6. Adjustments to the student's scholarships or grants for a prior year.
7. A checkbox indicating whether the amounts indicated in Boxes 1 or 2 also includes tuition paid or billed for the beginning of the following year. For example, if the form is for year 2015, the checkbox would cover any tuition billed or paid for January through March 2016.
8. A checkbox for whether the student counts as a half-time student.
9. A checkbox for whether the student is a graduate student.
10. Shows how much money is reimbursed by an insurer. If a student has tuition insurance and must withdraw from school, then an insurer will reimburse some of their nonrefundable tuition.

== History ==
=== Creation ===
Form 1098-T was originally created in the Taxpayer Relief Act of 1997, alongside the Hope Credit and the Lifetime Learning Credit (and, later, the American Opportunity Tax Credit), to help taxpayers pay for postsecondary education. The first 1098-T form only had four boxes, two blank ones that required no entry, and two checkboxes for part-time and graduate students.

=== Revisions ===
- 2001: New rules for describing qualifying tuition were set in place. Boxes for "Qualified Tuition and Expenses", "Reimbursements or refunds", and "Scholarships or grants" were added
- 2002: Institutions are now given the option to report either the payments billed or the payments received. There was also an option to report payments for the beginning of 2003. The box "Reimbursements or refunds" was changed to "Adjustments made to a prior year"
- 2006: A checkbox is added to report changes to the institutions reporting method (i.e. if they changed reporting from payments billed to payments received or vice versa), for taxpayer's knowledge
- 2009: The American Opportunity Tax Credit is introduced, and the 1098-T can be used to claim the credit

=== 2016 revision ===
In March 2015, a report released by the Treasury Inspector General for Tax Administration revealed that taxpayers were erroneously claiming over five billion dollars in education credits. Over half of the claimed money came from taxpayers for whom no Form 1098-T was filed; the rest of the claims came from students who attended less than half-time, students from ineligible institutions, and students who claimed the American Opportunity Tax Credit for longer than four years.

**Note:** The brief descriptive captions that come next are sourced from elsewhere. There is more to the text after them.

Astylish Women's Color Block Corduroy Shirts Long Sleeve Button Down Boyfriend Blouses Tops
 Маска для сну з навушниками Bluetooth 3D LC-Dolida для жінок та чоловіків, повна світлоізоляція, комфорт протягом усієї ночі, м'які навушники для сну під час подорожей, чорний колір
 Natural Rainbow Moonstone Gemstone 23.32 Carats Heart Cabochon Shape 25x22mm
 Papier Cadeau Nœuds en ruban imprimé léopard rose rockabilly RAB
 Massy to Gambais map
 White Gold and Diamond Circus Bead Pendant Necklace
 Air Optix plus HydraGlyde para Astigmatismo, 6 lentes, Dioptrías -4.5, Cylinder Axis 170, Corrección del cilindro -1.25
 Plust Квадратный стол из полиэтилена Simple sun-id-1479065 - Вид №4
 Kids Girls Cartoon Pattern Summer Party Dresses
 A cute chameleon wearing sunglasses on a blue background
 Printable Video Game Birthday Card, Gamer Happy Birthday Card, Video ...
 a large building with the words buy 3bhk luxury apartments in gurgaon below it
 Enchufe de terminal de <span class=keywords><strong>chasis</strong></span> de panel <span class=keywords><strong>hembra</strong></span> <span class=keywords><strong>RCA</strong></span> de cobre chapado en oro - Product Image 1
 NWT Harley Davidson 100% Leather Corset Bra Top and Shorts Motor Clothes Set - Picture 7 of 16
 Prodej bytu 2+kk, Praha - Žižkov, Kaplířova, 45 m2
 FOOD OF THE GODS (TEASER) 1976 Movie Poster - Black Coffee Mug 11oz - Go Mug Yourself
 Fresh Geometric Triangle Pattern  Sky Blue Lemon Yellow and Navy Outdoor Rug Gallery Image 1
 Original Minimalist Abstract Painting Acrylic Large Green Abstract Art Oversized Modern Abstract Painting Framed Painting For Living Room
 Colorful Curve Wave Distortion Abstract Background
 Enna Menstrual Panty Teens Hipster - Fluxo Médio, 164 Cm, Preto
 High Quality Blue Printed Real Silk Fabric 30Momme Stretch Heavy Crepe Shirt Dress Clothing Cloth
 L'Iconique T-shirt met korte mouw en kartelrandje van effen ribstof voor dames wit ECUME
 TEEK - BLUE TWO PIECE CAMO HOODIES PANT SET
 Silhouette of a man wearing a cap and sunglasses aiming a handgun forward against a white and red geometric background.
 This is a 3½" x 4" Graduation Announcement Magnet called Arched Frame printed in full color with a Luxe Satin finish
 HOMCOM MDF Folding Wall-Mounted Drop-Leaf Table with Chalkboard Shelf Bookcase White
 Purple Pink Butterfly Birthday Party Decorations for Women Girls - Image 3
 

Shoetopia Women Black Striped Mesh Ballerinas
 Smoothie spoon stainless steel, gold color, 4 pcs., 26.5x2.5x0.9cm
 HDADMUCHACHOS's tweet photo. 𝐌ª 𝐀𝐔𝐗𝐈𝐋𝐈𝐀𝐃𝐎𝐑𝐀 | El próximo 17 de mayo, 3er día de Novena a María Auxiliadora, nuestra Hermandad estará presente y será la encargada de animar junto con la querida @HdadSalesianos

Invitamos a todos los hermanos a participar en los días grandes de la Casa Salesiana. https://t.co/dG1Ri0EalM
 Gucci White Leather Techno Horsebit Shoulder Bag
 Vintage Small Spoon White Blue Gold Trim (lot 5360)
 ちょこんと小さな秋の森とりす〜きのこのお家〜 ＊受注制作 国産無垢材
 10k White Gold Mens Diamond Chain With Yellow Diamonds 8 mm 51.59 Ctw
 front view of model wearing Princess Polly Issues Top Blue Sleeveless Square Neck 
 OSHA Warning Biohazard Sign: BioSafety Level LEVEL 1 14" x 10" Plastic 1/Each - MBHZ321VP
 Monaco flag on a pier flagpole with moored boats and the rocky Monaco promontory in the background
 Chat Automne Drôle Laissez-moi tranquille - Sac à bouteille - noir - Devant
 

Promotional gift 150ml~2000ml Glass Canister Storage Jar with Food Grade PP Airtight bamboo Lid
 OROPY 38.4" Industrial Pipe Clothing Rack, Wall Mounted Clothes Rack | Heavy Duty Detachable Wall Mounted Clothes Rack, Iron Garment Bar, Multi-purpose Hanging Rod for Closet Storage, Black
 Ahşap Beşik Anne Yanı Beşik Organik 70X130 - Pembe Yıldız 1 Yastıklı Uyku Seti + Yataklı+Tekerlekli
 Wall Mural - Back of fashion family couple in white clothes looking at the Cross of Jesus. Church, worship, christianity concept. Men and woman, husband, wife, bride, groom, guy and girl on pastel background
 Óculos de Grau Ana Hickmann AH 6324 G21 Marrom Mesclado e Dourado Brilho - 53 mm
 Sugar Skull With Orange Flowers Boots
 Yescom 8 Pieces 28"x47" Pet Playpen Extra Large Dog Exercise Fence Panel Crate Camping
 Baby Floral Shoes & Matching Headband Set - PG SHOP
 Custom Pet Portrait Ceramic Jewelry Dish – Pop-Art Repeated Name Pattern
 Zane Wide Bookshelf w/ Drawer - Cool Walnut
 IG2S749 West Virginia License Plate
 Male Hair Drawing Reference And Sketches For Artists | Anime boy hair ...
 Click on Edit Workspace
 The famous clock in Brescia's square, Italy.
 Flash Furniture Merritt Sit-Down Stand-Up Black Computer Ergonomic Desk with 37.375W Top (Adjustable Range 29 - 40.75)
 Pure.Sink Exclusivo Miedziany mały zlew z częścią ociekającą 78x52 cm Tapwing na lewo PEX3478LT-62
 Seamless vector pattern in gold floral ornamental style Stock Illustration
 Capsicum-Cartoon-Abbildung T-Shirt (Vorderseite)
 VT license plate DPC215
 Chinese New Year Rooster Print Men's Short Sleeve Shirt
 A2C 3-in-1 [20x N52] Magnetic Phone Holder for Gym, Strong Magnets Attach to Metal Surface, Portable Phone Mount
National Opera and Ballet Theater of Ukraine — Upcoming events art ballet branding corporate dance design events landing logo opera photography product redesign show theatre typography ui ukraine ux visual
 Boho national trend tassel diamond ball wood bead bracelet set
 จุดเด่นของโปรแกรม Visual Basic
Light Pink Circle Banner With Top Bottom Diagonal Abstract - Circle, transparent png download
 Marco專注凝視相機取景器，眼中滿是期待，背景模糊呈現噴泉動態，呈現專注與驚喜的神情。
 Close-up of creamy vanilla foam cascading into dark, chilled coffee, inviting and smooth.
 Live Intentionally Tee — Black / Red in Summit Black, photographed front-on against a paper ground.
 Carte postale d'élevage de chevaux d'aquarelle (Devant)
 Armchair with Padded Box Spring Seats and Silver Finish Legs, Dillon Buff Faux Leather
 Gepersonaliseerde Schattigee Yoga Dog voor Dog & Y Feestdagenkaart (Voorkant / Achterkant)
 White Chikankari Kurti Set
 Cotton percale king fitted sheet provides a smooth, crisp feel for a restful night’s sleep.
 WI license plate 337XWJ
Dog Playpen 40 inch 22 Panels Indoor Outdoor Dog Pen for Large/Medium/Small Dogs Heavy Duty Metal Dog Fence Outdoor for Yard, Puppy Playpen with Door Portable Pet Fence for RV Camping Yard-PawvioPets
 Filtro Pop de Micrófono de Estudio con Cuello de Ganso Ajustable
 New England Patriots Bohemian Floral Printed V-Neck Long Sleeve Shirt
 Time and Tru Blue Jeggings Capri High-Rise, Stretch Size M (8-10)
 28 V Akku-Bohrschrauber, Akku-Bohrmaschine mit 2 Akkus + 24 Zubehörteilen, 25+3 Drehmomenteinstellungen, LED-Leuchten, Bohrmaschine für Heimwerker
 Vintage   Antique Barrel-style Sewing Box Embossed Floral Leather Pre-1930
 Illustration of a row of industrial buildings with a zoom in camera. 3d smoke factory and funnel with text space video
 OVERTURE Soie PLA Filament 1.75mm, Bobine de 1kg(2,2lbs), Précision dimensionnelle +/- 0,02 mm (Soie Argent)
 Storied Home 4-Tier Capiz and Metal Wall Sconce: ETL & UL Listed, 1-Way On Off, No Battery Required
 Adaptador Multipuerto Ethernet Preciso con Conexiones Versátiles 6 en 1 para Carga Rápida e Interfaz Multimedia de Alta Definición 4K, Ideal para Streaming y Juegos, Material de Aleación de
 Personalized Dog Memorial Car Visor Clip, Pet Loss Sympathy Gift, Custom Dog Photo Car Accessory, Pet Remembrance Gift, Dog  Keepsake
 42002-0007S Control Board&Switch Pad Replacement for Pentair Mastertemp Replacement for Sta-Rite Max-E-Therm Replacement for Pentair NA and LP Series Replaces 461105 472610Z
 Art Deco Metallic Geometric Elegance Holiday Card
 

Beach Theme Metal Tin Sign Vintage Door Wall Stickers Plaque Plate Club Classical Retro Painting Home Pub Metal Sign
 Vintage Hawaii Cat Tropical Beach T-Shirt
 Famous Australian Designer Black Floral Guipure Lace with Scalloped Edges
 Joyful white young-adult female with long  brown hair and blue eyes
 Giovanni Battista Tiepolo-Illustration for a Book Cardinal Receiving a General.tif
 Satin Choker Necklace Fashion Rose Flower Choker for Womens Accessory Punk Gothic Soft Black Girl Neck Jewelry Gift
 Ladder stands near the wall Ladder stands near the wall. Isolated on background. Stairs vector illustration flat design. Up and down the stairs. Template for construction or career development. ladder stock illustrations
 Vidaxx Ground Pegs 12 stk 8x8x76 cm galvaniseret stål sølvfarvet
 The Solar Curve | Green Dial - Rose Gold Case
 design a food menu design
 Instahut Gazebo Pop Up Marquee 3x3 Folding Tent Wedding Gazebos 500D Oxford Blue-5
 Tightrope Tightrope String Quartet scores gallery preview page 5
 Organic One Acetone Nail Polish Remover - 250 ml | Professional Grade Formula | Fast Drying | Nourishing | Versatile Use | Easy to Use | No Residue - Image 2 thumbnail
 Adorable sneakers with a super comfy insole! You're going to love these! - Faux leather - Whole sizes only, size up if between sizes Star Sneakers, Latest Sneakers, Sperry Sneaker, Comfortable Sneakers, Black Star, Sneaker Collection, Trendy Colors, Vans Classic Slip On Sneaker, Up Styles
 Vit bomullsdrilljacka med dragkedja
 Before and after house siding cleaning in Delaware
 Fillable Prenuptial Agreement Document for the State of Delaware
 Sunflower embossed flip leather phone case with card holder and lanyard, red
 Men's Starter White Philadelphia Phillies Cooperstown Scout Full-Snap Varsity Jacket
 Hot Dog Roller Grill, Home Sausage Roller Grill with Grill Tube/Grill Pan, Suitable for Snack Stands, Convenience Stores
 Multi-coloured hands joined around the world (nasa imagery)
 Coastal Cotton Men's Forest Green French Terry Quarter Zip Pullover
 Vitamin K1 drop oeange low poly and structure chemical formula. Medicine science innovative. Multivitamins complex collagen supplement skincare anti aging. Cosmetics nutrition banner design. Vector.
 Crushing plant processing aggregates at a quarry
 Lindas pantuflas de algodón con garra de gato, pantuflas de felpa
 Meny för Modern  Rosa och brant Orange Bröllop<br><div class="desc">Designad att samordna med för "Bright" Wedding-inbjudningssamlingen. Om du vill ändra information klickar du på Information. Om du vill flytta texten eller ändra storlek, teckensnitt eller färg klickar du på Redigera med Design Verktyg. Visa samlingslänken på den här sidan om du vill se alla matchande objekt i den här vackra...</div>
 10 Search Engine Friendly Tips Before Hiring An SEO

In light of the lost tax revenue, the IRS requires, starting in 2016, that institutions must provide a 1098-T for all eligible students, with an effort required to obtain accurate TINs and the 1098-T is required for taxpayers to claim an education credit. New rules were put into place to help institutions verify that they had valid TINs. A new form was released for the 2016 tax year (shown above) with a new checkbox in the Student's Identification Number box to indicate that the educational institution has made an appropriate effort in obtaining the student's TIN.

Starting in 2016, institutions can no longer rely on payments billed (recorded in Box 2) and can only report payments received (recorded in Box 1), but, due to the change being implemented so late in the fiscal year, any penalties for using Box 2 have been lifted.